1.Coexist - Seems that this sticker is meant for those that don't believe in any religion in particular, and those that believe in all of them within some personalized system. For all of those who fervently believe in their religion of choice (or fate) this sticker is a fucking joke. It basically marks the car of a person who is being "tolerant," but can't commit/doesn't see the light, etc.

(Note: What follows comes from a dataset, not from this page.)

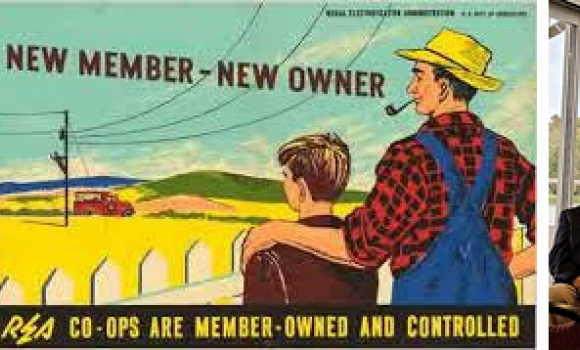 co-op values, REA new member new owner image, image of REC board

2.Stick Family - This one so often appears on SUV's and the like, because it excuses, either intentionally or unintentionally, the "necessity for having a big car. It's the whole big car mythos: I am a big man or a strong mother figure, and I need my big protective car fortress because I am more valuable than other people who have no spawn to shuttle around from school to soccer practice, from dance class to summer camp.

3.Baby on Board - Close to the above in arrogance, but worse because the graphic of the baby is often that really stupid one - where the baby is wearing sunglasses and a dumb hat, and because it suggests that the operator of the vehicle has an excuse to drive in any possible way that might be inconvenient to surrounding cars. The idea that truly special cargo is being carried is just really depressing in a profound way for me.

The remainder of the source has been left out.